Dall’altra credo che sia fondamentale che Samuele sapesse di essere ascoltato nella sua richiesta, anche se formulata in modo immediatamente poco comprensibile. Il fatto di avere una figura di riferimento adulta di fiducia, che funge affettivamente ma anche operativamente da “base sicura”, è il miglior mezzo per bambini di questa età per poter negoziare la valutazione e la gestione di un rischio. La sicurezza di vedere accolta l’espressione del proprio bisogno, e di essere aiutato a trovare una soluzione soddisfacente, è la migliore protezione contro i possibili esiti negativi di una scelta sbagliata.

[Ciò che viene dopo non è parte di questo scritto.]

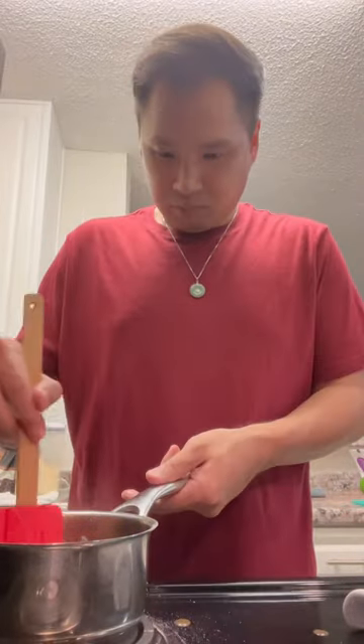Add water, add your tamarind, add your fish sauce. That's what your pad thai sauce should look like.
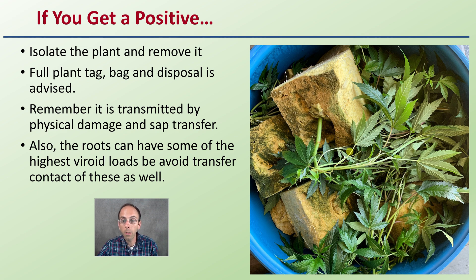A lot of people just think of the plant and the petiole, but the roots as well and the substrate they're growing in — you definitely want to be treating those, as that is where some of the highest amount of viroid can be located. Make sure you're disposing of the substrate with diligent care along with your plant.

rischio2Alcuni considerazioni necessarie per un’educazione al rischio, cioé a valutare e gestire i rischi in modo efficace per le proprie possibilità e obiettivi:

– come in ogni apprendimento dei bambini è necessaria l’esperienza diretta, ai bambini deve essere permesso sperimentarsi in situazioni in cui è possibile un esito negativo, per esempio l’uso di bicchieri vetro e piatti di ceramica;

– se l’esito negativo si verifica il bambino deve essere accompagnato a riconoscere l’errore, ma non deve essere giudicato come se avesse messo in atto un comportamento sbagliato;

– è necessaria un’esperienza progressiva: nella vita di tutti i giorni i bambini devono essere esposti a rischi in grado sempre maggiore, seguendo il loro sviluppo e i loro apprendimenti. Non esiste un età in cui automaticamente il bambino diventa capace di valutare e gestire un rischio, ma ad ogni età è i grado di gestire rischi dalla complessità adeguata: se non è esposto progressivamente a rischi maggiori, diventerà grandi senza aver acquisito nessuna competenza per gestirli. Ad esempio a 2 anni è difficile che sia in grado di valutare che stare sotto un ramo secco in una giornata di vento è pericoloso, mentre è in grado di valutare l’altezza da cui è capace di saltare;

– quando non sono in grado di riconoscere il pericolo insito nell’attività che stanno facendo occore indicarglielo, come la constatazione di un fatto e non una minaccia: l’onestà paga sempre nella comunicazione con i bambini, non occorre spaventarli per ottenere che si comportino come crediamo sia giusto, aiutiamoli solo a capire le situazioni quando sono troppo complesse perché possano comprenderle da soli;

– mentre a pochi mesi può essere opportuno allontanare il bambino da un pericolo e offrire un’attività alternativa, man mano che cresce bisogna lasciare che sia lui a proporre delle soluzioni per affrontare la situazione rischiosa: è il necessario allenamento per imparare a gestire i rischi in modo autonomo e creativo;

– sono inutili e dannosi i continui e generici avvertimenti, non aiutano davvero il bambino e rischiano di far perdere fiducia in se stesso (“se mi blocca continuamente vuol dire che non pensa che posso farcela da solo”) o nella figura di riferimento (“continua a dirmi che devo stare attento ma non succede niente”).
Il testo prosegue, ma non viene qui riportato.